■ What you should do ■
What you produce should match the records below precisely, except that images are removed.

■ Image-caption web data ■

+ + + + + + +

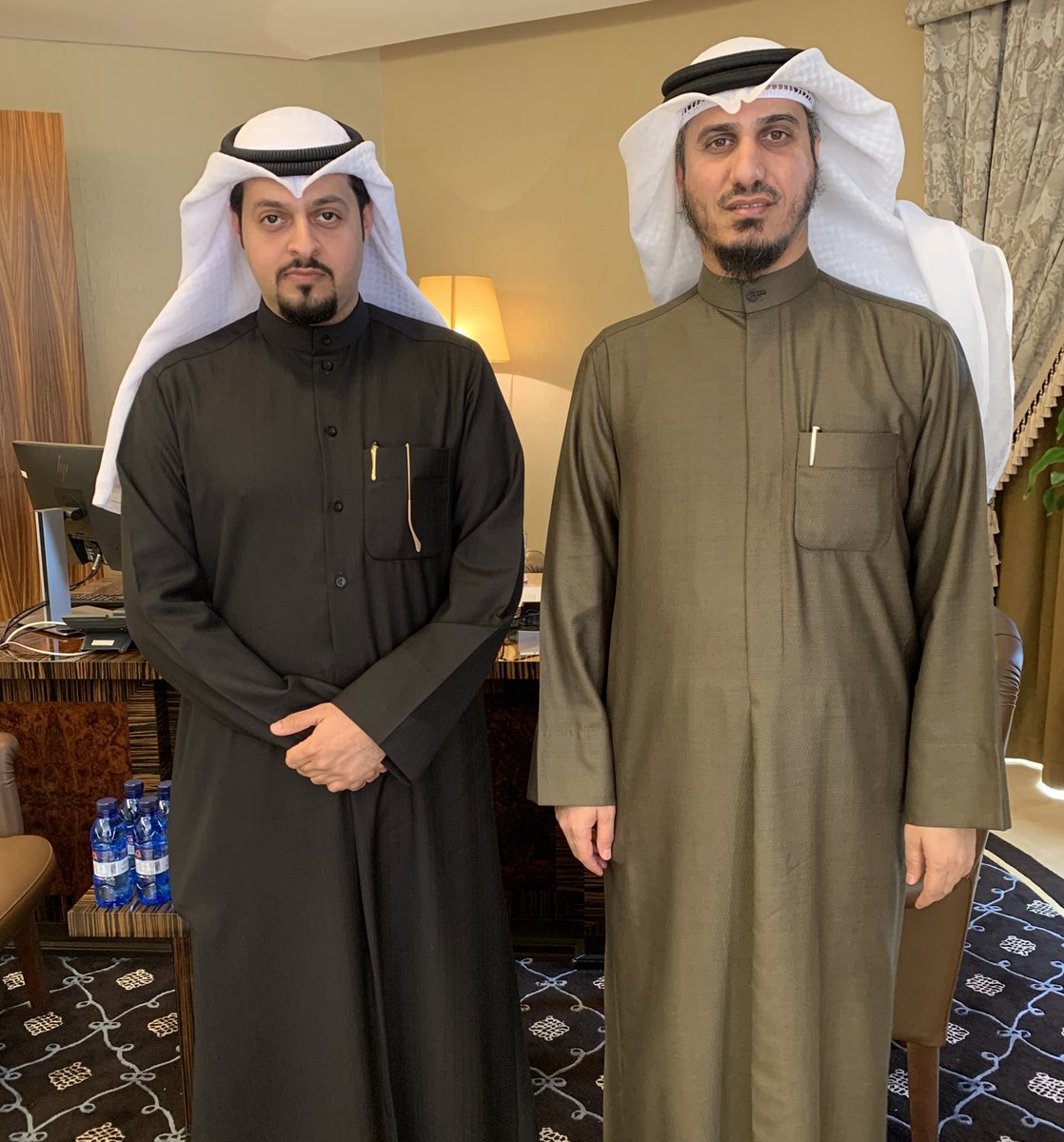 التقيت بالنائب الدكتور / بدر الداهوم الرجل النزيه في زمن تُباع فيه كلمة الحق ، و قد جرى الحديث نحو الحفاظ على المال العام و أقصاء شبهات الفساد في مؤسسات الدولة.
#نقابة_الطيران_المدني 
#الطيران_المدني 
<a href="/DrBaderALdahoom/">د. بدر زايد الداهوم</a>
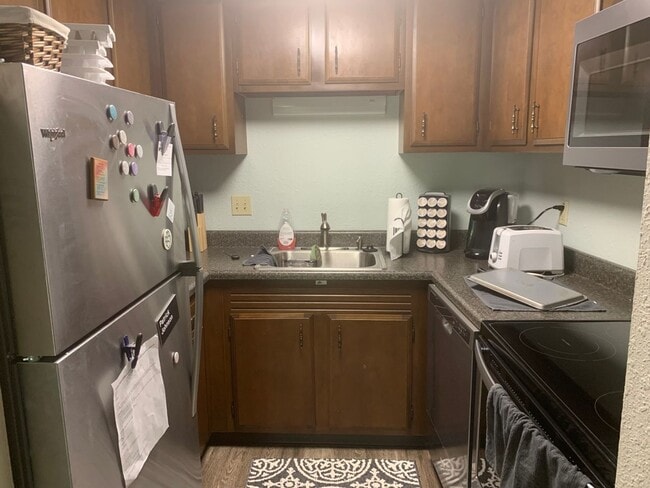 Foto del edificio - 2 bedroom, 1 full bath and one half bath two story duplex near parks and trails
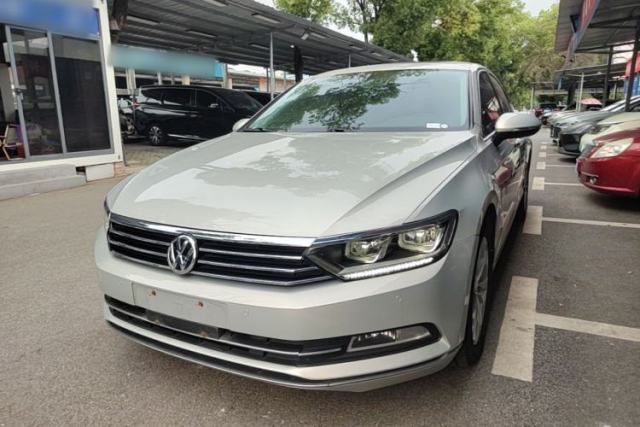 Used Volkswagen Magotan 2018 Facelift 330TSI DSG Luxury Model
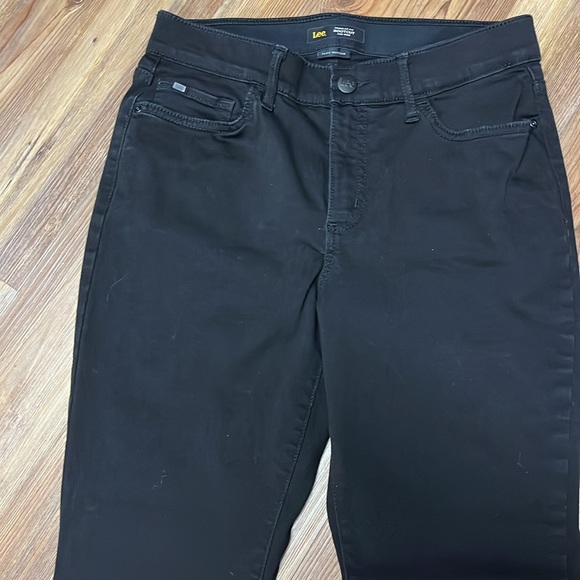 Lee Regular Fit Boot Cut Mid Rise Flex Motion Black Jeans Size 10 Short - Picture 4 of 9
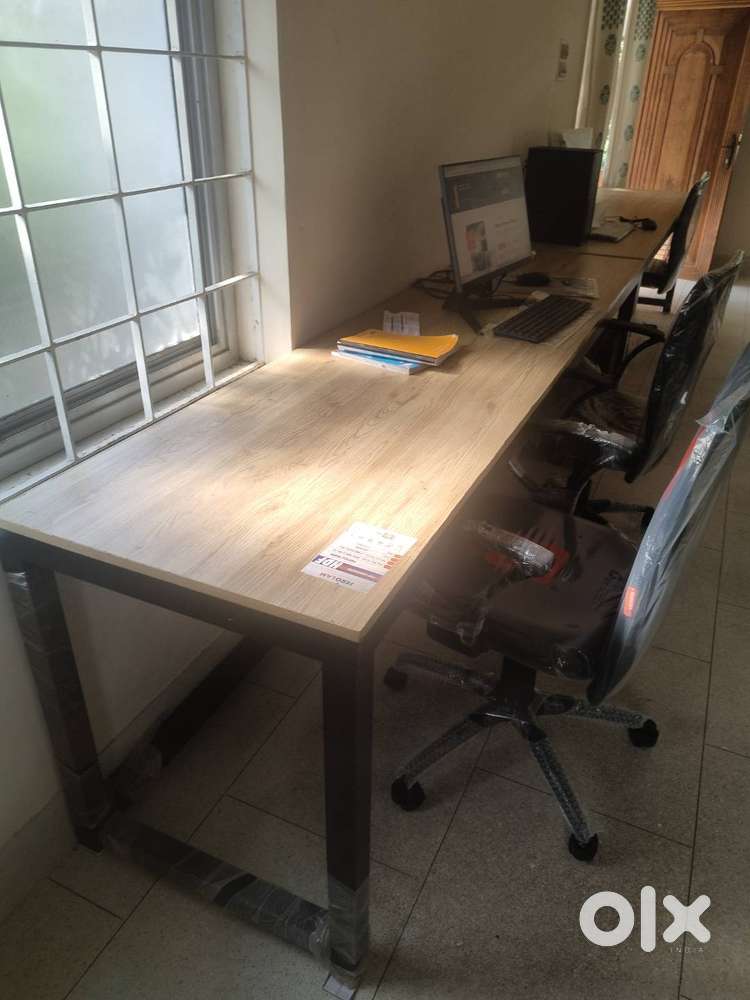 Computer Tables & Chairs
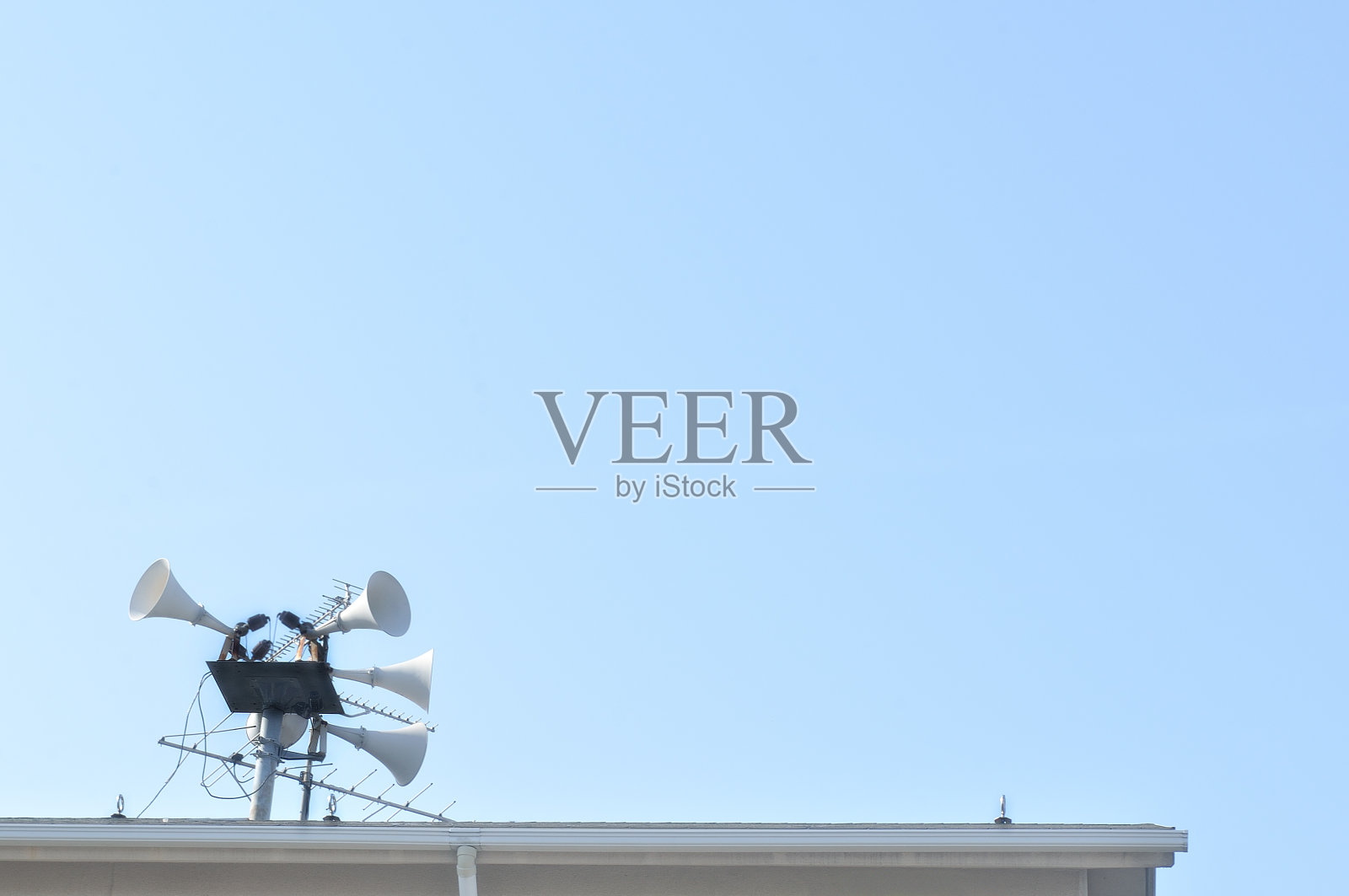 屋顶上的广播设备照片摄影图片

+ + + + + + +

■ Final answer ■
 التقيت بالنائب الدكتور / بدر الداهوم الرجل النزيه في زمن تُباع فيه كلمة الحق ، و قد جرى الحديث نحو الحفاظ على المال العام و أقصاء شبهات الفساد في مؤسسات الدولة.
#نقابة_الطيران_المدني 
#الطيران_المدني 
<a href="/DrBaderALdahoom/">د. بدر زايد الداهوم</a>
 Foto del edificio - 2 bedroom, 1 full bath and one half bath two story duplex near parks and trails
 Used Volkswagen Magotan 2018 Facelift 330TSI DSG Luxury Model
 Lee Regular Fit Boot Cut Mid Rise Flex Motion Black Jeans Size 10 Short - Picture 4 of 9
 Computer Tables & Chairs
 屋顶上的广播设备照片摄影图片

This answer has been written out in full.